Listed records:
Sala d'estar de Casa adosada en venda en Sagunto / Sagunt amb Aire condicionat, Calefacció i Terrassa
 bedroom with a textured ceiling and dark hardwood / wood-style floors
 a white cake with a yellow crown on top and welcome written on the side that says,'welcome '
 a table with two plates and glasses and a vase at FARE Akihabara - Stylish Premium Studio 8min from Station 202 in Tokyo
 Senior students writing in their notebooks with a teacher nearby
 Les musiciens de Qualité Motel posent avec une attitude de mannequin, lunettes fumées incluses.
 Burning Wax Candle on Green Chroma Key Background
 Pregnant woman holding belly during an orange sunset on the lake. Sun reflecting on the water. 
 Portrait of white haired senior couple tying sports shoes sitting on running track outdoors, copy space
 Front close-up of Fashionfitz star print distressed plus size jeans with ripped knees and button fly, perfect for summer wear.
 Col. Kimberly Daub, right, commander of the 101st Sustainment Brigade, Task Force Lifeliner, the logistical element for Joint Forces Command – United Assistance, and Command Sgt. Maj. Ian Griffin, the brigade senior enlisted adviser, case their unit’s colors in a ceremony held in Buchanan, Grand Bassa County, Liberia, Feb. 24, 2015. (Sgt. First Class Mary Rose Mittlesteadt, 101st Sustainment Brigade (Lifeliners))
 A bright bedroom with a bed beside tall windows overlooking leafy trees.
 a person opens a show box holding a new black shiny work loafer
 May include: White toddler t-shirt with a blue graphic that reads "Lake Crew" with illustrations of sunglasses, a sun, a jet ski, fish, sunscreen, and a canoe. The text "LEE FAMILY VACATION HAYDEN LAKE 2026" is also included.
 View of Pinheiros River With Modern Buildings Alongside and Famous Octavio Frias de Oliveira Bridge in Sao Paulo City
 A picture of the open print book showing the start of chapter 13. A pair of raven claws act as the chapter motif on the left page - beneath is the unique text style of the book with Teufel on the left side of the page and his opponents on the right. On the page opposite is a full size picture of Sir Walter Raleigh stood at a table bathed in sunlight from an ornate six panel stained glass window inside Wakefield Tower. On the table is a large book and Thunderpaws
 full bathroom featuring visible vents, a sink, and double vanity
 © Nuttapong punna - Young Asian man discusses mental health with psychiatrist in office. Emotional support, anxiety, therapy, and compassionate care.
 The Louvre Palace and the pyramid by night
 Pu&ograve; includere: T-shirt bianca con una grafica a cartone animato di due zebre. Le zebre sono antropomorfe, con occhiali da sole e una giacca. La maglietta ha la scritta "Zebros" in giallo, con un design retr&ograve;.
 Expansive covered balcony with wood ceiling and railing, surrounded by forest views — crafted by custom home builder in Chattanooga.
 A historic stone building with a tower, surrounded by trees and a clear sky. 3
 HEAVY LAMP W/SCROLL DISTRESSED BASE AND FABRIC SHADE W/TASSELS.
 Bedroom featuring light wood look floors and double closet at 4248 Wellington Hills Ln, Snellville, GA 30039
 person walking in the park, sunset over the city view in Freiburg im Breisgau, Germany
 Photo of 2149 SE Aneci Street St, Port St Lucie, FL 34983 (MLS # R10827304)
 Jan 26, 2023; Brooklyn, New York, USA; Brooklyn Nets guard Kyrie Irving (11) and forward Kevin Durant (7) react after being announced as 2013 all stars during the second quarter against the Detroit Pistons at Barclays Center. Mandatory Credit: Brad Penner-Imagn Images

Task instructions:
For every line of the material above that contains the word "their", show the line.

Answer space:
 Senior students writing in their notebooks with a teacher nearby
 Col. Kimberly Daub, right, commander of the 101st Sustainment Brigade, Task Force Lifeliner, the logistical element for Joint Forces Command – United Assistance, and Command Sgt. Maj. Ian Griffin, the brigade senior enlisted adviser, case their unit’s colors in a ceremony held in Buchanan, Grand Bassa County, Liberia, Feb. 24, 2015. (Sgt. First Class Mary Rose Mittlesteadt, 101st Sustainment Brigade (Lifeliners))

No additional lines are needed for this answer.